_Work instructions_
For this exercise, print the listing below exactly, without its pictures.

_Dataset extract_
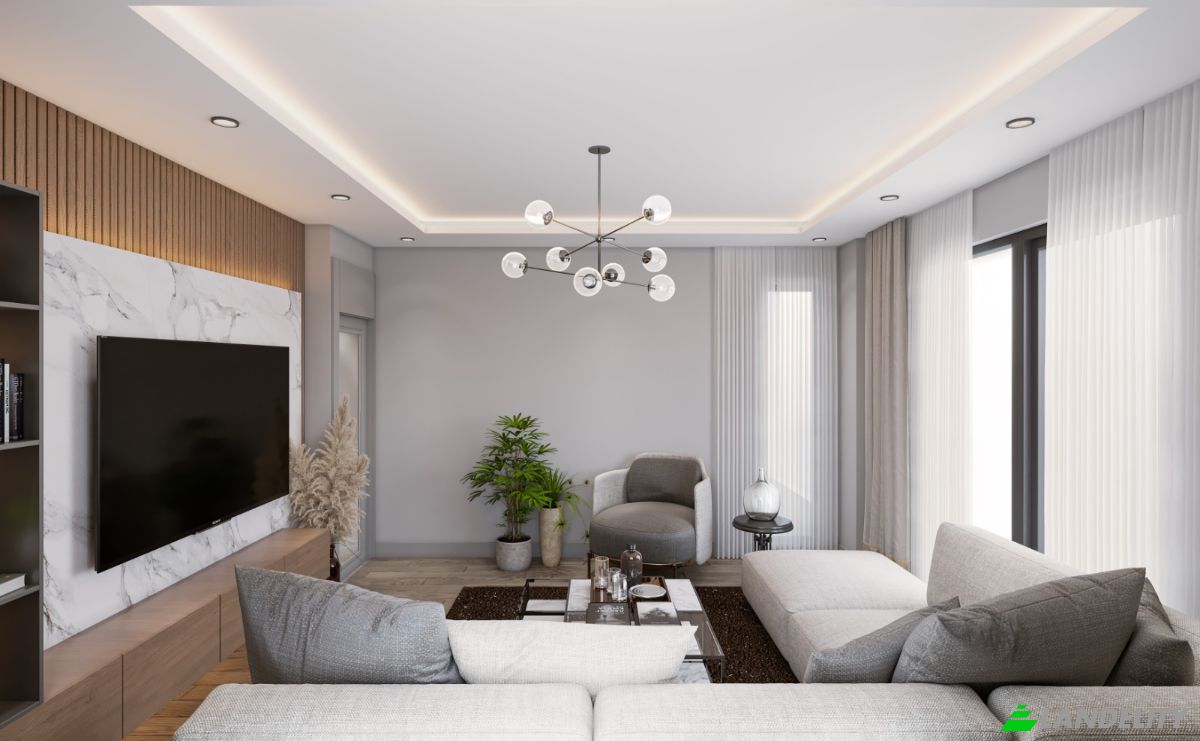 Appartement à vendre Ekinoba, Fevzi Cakmak Cd No:39, 34535 Buyukcekmece Istanbul, Buyukcekmece, Istanbul, Turkiye. Photo 8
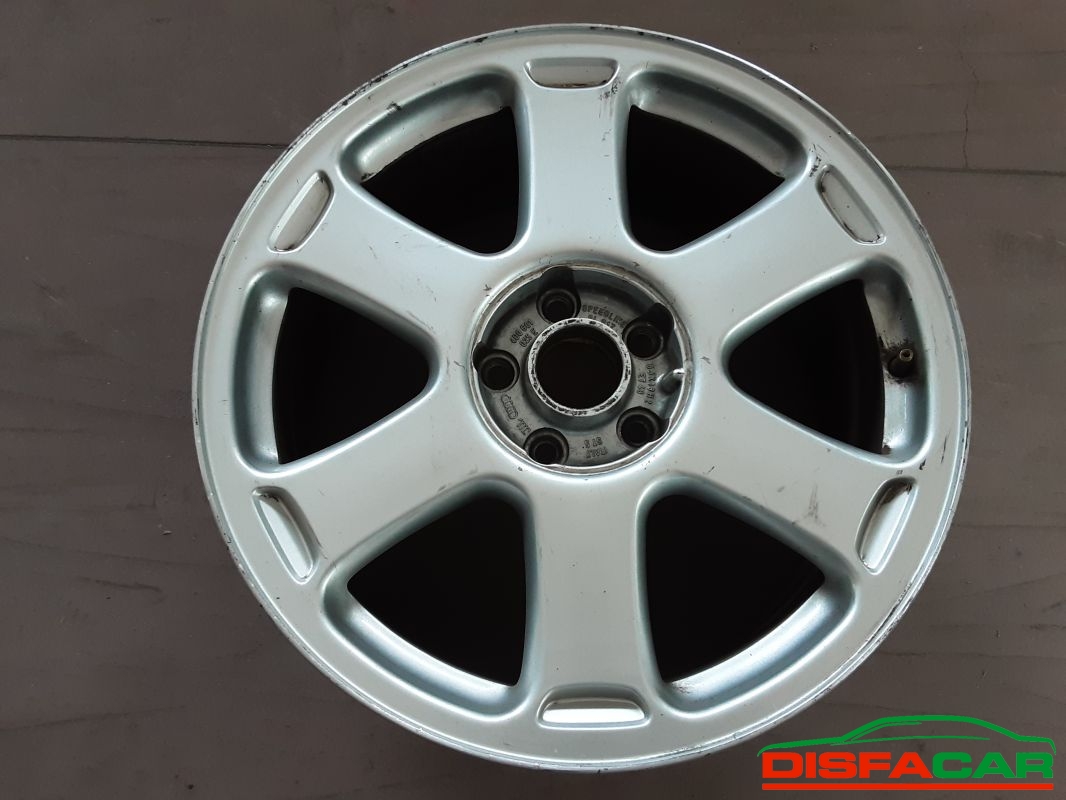 Cerchio ruota usato Audi A6 – foto 4 di 5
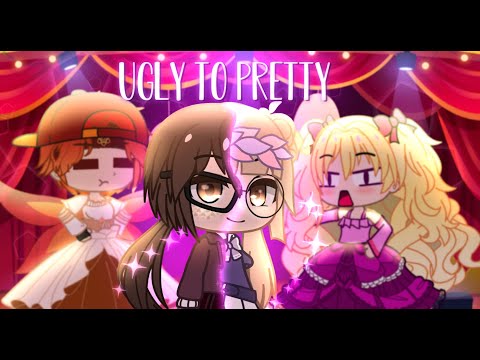 Ugly to Pretty Glow Up FT: Spoiled Brat Bully / Gacha Club
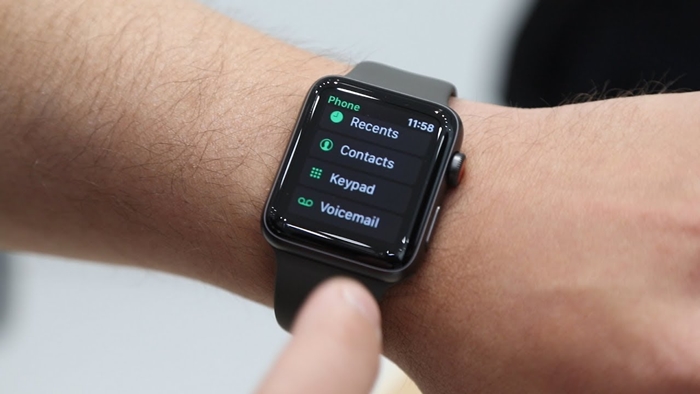 Bật mí thông tin về chế độ bảo hành Apple watch đã thay đổi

_Task solution_
 Appartement à vendre Ekinoba, Fevzi Cakmak Cd No:39, 34535 Buyukcekmece Istanbul, Buyukcekmece, Istanbul, Turkiye. Photo 8
 Cerchio ruota usato Audi A6 – foto 4 di 5
 Ugly to Pretty Glow Up FT: Spoiled Brat Bully / Gacha Club
 Bật mí thông tin về chế độ bảo hành Apple watch đã thay đổi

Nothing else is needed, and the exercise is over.